Where do you keep your toothbrush?

To Weber County, Utah Commissioner Jim Harvey, the answer means everything… and nothing.

It means everything because people come to their preferences through their experiences and environment — fundamental characteristics. At the same time, it means nothing, as long as everyone is brushing their teeth.

“People go to war over less,” he said. “I’m just happy they’re practicing good hygiene.”

That’s how he looks at being a Weber County citizen, whether you’re an Ogden urbanite or a rural dweller in the eastern part of the county. On the eastern shore of the Great Salt Lake, Weber, like many counties, enjoys a duality that involves balancing priorities that sometimes conflict but culminate in shared goals of prosperity for a growing county. It’s a microcosm for understanding and bridging the rural-urban divide.

“We aren’t urban to the extent of a New York City or Chicago, but we have a distinct urban core along with a strong rural presence,” he said. “It’s just as important that the ‘rurals’ understand transportation, homelessness and jail issues; we as ‘urbans’ need to understand mining and timber and public lands.

“The rural part of the county is very reliant on the urban part and the urban is very reliant on the rural part.”

Utah is growing fast, and Weber County is no exception, seeing a 12.5 percent increase in residents from 2010 to 2019, according to the U.S. Census Bureau.
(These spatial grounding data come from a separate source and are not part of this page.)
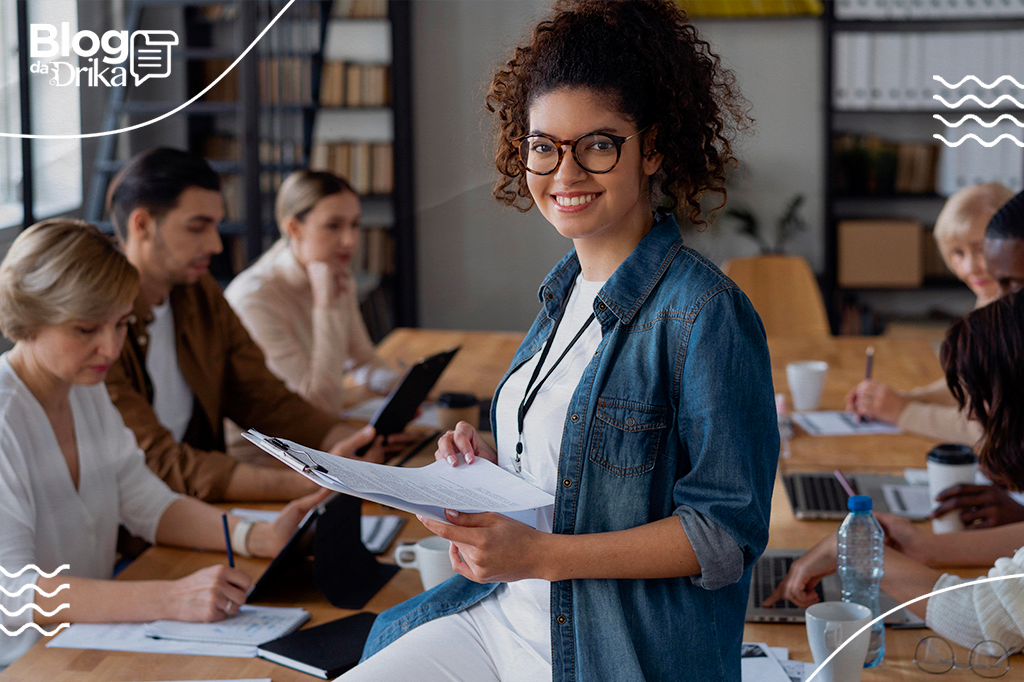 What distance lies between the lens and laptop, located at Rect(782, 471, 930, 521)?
1566 mm

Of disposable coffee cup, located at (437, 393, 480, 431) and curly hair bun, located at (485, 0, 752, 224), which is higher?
curly hair bun, located at (485, 0, 752, 224)

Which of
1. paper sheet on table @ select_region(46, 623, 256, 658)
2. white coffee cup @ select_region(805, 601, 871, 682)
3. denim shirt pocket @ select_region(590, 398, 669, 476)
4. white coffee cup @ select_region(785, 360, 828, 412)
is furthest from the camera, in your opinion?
white coffee cup @ select_region(785, 360, 828, 412)

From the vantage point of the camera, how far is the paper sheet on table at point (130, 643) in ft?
3.86

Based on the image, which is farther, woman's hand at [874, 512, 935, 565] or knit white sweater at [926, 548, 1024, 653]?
woman's hand at [874, 512, 935, 565]

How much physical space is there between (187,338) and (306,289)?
689mm

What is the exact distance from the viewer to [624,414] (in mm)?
957

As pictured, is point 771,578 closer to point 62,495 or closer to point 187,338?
point 62,495

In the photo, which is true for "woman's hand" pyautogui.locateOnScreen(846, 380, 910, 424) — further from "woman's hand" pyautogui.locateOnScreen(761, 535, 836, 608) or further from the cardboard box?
the cardboard box

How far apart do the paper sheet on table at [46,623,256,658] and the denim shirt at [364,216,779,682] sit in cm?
44

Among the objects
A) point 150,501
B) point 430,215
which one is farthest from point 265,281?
point 430,215

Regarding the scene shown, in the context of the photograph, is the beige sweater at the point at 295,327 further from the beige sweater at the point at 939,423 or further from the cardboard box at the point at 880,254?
the cardboard box at the point at 880,254

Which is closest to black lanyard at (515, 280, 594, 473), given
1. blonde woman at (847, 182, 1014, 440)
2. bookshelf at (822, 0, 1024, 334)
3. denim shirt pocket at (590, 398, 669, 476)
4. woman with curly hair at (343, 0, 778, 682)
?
woman with curly hair at (343, 0, 778, 682)

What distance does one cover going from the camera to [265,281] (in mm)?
2490

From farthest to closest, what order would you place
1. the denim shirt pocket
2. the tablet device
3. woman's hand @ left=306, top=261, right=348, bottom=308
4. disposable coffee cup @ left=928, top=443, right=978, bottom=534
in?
woman's hand @ left=306, top=261, right=348, bottom=308 < the tablet device < disposable coffee cup @ left=928, top=443, right=978, bottom=534 < the denim shirt pocket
With that growth comes pressure in the form of both urban infill and rural subdivision, and the latter is a harder nut to crack.

“It has to do with home density,” Harvey said. “People who live in urban areas like their density and rural people like wide open spaces and they want to keep it that way, with as much passion and fever as they can muster.”

With a rail line making proximity to Salt Lake City and Provo even more attractive to newcomers, Weber County’s 260,000 2019 population was a 1.7 percent increase over 2018. A few thousand people a year have to go somewhere, and they’re finding open land east and west of the county seat of Ogden attractive, making lucrative offers to landowners.

“In rural Weber County, on these generational farms, kids are increasingly not wanting to work the land the way their parents or grandparents once did, and they see that the cash that developers are willing to pay and they want to take it,” Harvey said. “What happens if the neighbors enjoyed looking out at a  200-acre farm for 20 years and now, they see houses? They don’t want their homes to change, but they don’t have the resources the buy the property for themselves.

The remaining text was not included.